Data shown:
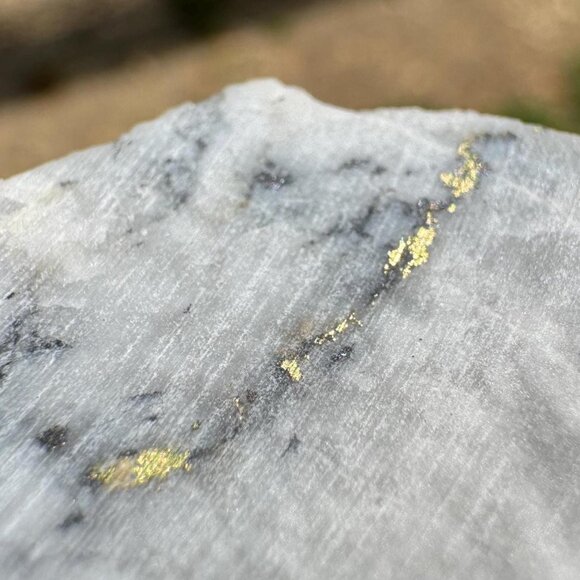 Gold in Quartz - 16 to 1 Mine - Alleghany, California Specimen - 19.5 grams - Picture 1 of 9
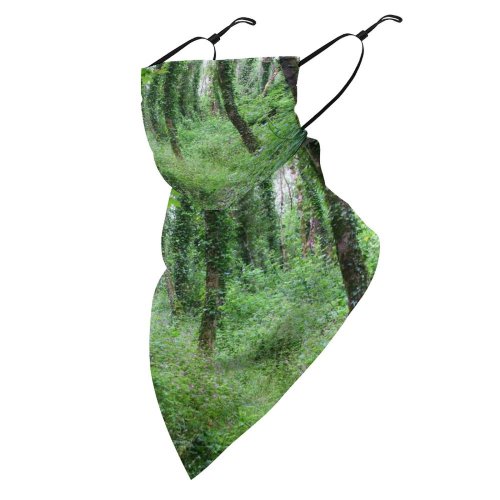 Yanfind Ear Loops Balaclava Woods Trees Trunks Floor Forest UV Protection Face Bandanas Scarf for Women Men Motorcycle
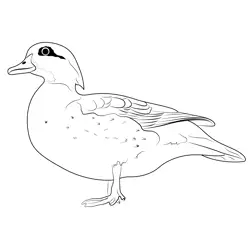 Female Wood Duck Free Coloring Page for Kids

--

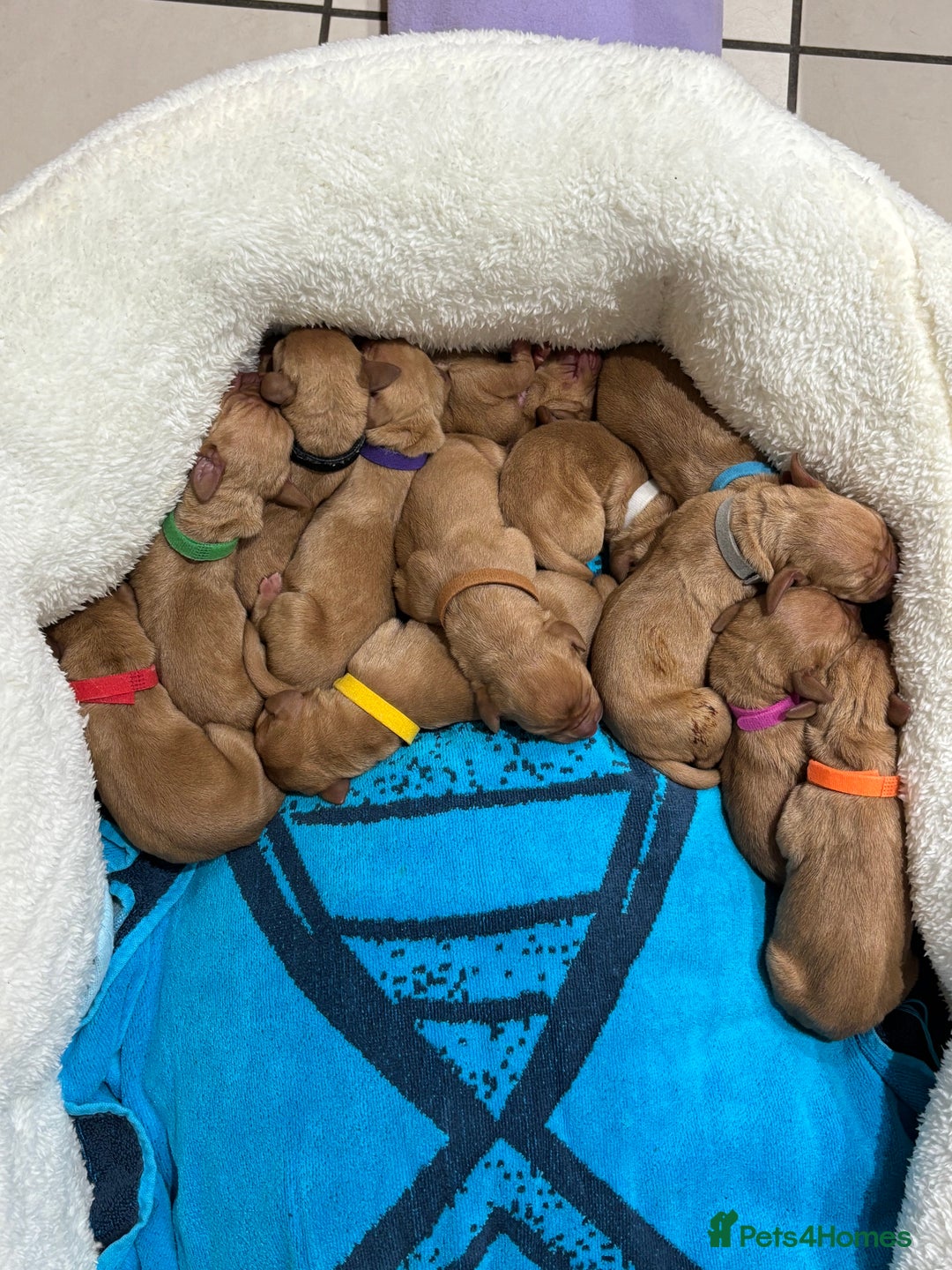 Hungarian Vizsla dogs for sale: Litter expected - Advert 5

Work item: Print exactly, with no pictures, the lines above from the one that holds "Gold in Quartz" through the one that holds "Female Wood Duck Free Coloring Page for Kids", both of them included.

Task output:
 Gold in Quartz - 16 to 1 Mine - Alleghany, California Specimen - 19.5 grams - Picture 1 of 9
 Yanfind Ear Loops Balaclava Woods Trees Trunks Floor Forest UV Protection Face Bandanas Scarf for Women Men Motorcycle
 Female Wood Duck Free Coloring Page for Kids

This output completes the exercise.